Segment Start: Given data

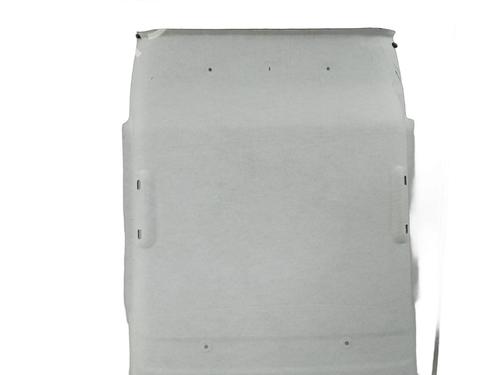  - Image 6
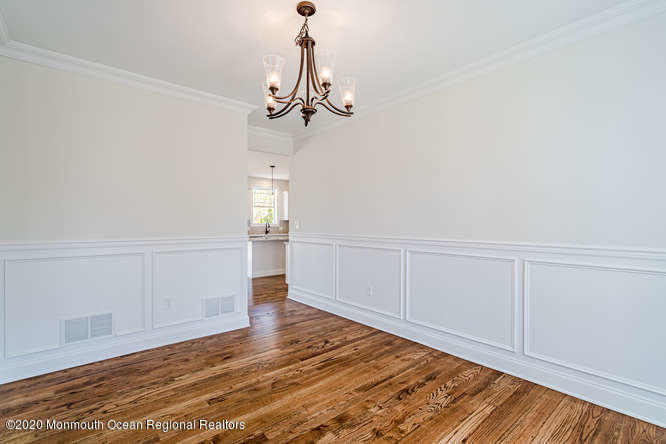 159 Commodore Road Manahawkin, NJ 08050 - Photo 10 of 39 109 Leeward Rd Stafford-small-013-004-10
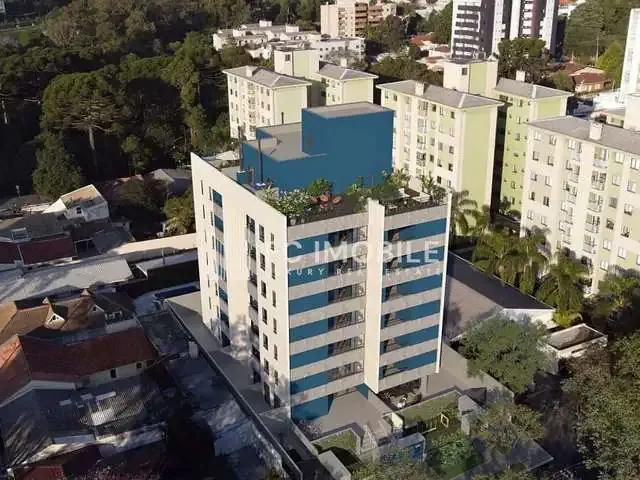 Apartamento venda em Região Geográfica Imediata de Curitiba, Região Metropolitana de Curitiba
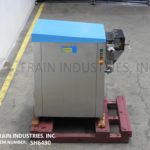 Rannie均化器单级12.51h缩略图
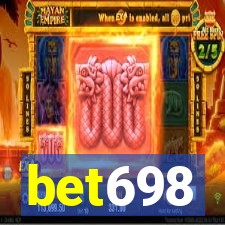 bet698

Segment End: Given data

What is expected
Because the pictures are not wanted, retype every record exactly without them.

Output for this task
  - Image 6
 159 Commodore Road Manahawkin, NJ 08050 - Photo 10 of 39 109 Leeward Rd Stafford-small-013-004-10
 Apartamento venda em Região Geográfica Imediata de Curitiba, Região Metropolitana de Curitiba
 Rannie均化器单级12.51h缩略图
 bet698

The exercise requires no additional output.